One month later Sharon’s progression and determination kept up a rapid pace. She entered the 2008 Australian National Road  Race. This was her first real big road race where some prominent names were competing.  Guess what? She got second (to Oenone Wood)!  This quickly got her recognized in the pro ranks and before she knew it she was racing professionally in Europe on Nichole Cooke’s team.  She kept on getting results while working tirelessly for Cooke.  She even ended up 6th in the Tour de l’Aude Cycliste Féminin (the Woman’s Tour de France).

To keep this brief I’ve skipped a lot of great results, exciting experiences and details on her journey to paint the picture, but you get the point.  Sharon’s rise to the top is absolutely unheard of.

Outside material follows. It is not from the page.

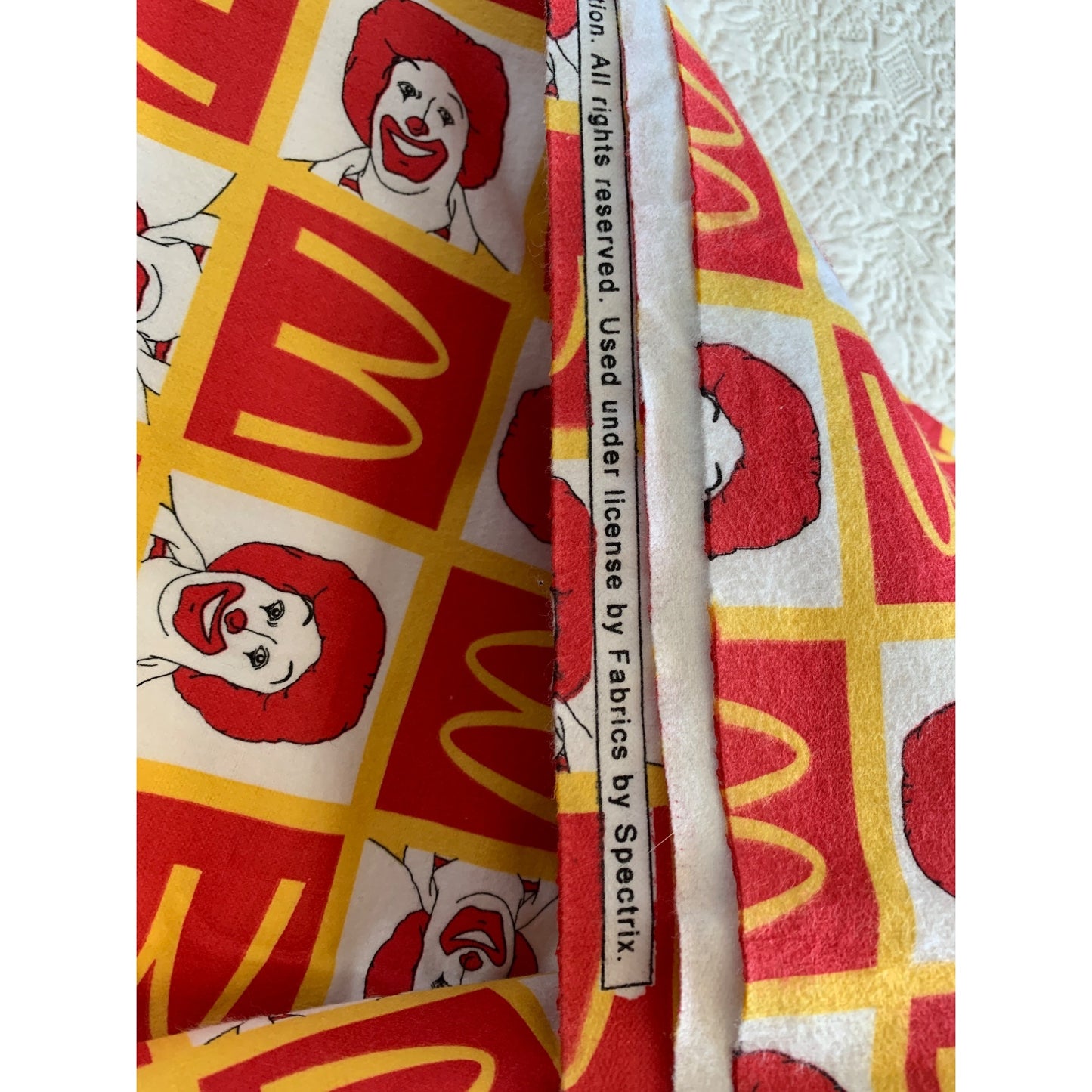 Vintage Ronald McDonalds with golden arches Spectrix flannel fabric 1 yard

After some stellar results and the great value that Sharon added to her team she was selected for the British Olympic Team for  Beijing.  Unbelievable!  However, it huge disappointment when she crashed in June whilst filming for a BBC Olympic special and broke  her fibula.  Were her Olympic dreams over?  Absolutely not!  She was well looked after and made a remarkable recovery.  She got on the wind trainer as soon as she physically could (within a couple of weeks) and was still selected for the Olympic team based on her incredible form that she was able to maintain despite a broken bone.

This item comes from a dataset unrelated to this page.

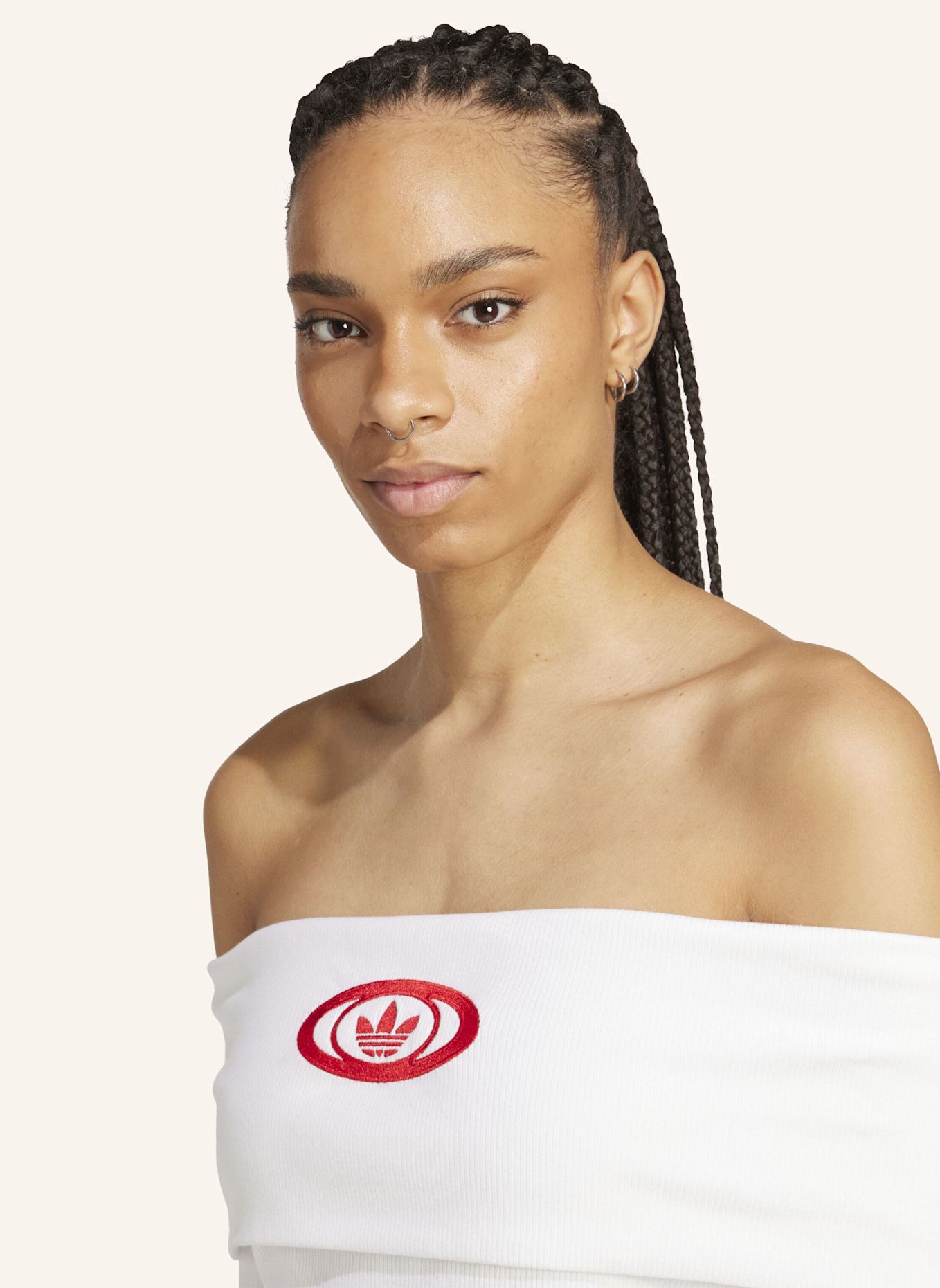 adidas Originals Off-Shoulder-Longsleeve: WEISS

It was the coolest thing watching Sharon on TV during the Olympics in the trenchal downpour and seeing her play such a big part in Nichole Cooke’s gold medal.  I get chills just thinking about it.    Sharon also backed it up in the World Championships by helping  her teammate win another gold medal.

Sharon will turn to the mountain bike for the next four years in her buildup to London 2012.  The fact that London’s road race course  is flat and a sprinter’s course does not bode as well for her chances to get selected.  That’s the reality of how these things work.  If  you have a shot at making the Olympics in your home country you have to do whatever it takes to make the cut – even if it requires  changing disciplines.   I have to admit, I never in a million years thought anyone could have come this far, especially in such a short amount of time.  Now that I’ve seen it first hand, I have no doubt in my mind that Sharon will work on the mountain bike skills she needs and quite possibly win a medal London 2012.

The point of all this?  It sounds cliche, but nothing is impossible.  When meeting someone like Sharon and realizing that she’s a normal person like everybody else and has achieved what she has in this amount of time, I realize that "nothing is impossible" is absolutely true.  The difference that I see in Sharon over the rest of us is that she’s extremely hard working, very self motivated, and does whatever it takes to get her training in.  Even when things go wrong, she does what she needs to do to make them right.  Broken leg?  Why would that stop her?  Flat tire and no tube?  She’ll still ride 100km home instead of calling for a ride.  Rain?  Don’t even get me started.  She always finds a way.  I believe it’s that frame of mind that makes a huge difference.  Not all of us will have the natural ability to do what Sharon has done, but if you set goals, aim high and follow through with the right preparation there’s no reason why you can’t achieve whatever goals you set for yourself – no matter how small or large.  I see living proof of this all the time.